● **Work instruction**
Leave out the images and return all the data word for word.
*** Input data Section Begins ***
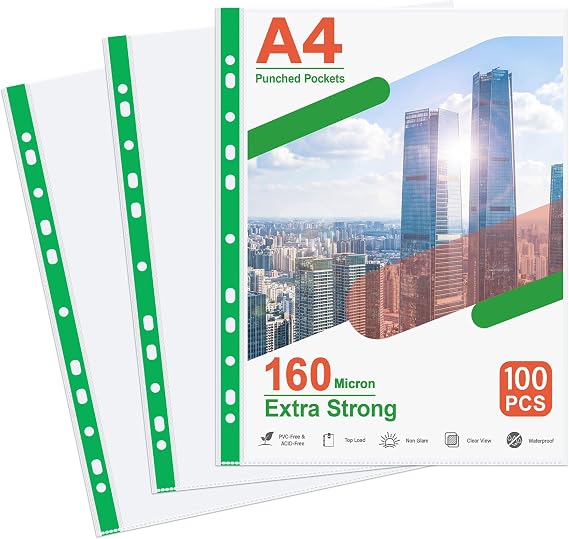 Plastic Wallets A4 Punched Pockets Heavy Duty, 160 Micron, Glass Clear | Top Loading 11-Hole Fit for Binders,Reinforced Green Spine Prevents Tearing,a4 Plastic Sleeves for Office Stationery Supplies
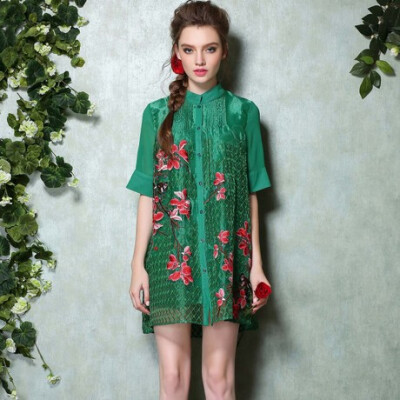 春装新款女装喜鹊刺绣中袖A字衬衫欧根纱连衣裙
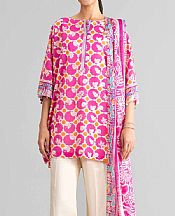 Nishat Pink/Ivory Lawn Suit- Pakistani Designer Lawn Suits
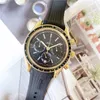 Armbandsur för män 2022 Nya herrklockor Alla Dial Work Quartz Watch High Quality Top Luxury Brand Chronograph Clock Rubber Belt 171b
*** Input data Section Ends ***
● **Expected output**
 Plastic Wallets A4 Punched Pockets Heavy Duty, 160 Micron, Glass Clear | Top Loading 11-Hole Fit for Binders,Reinforced Green Spine Prevents Tearing,a4 Plastic Sleeves for Office Stationery Supplies
 春装新款女装喜鹊刺绣中袖A字衬衫欧根纱连衣裙
 Nishat Pink/Ivory Lawn Suit- Pakistani Designer Lawn Suits
 Armbandsur för män 2022 Nya herrklockor Alla Dial Work Quartz Watch High Quality Top Luxury Brand Chronograph Clock Rubber Belt 171b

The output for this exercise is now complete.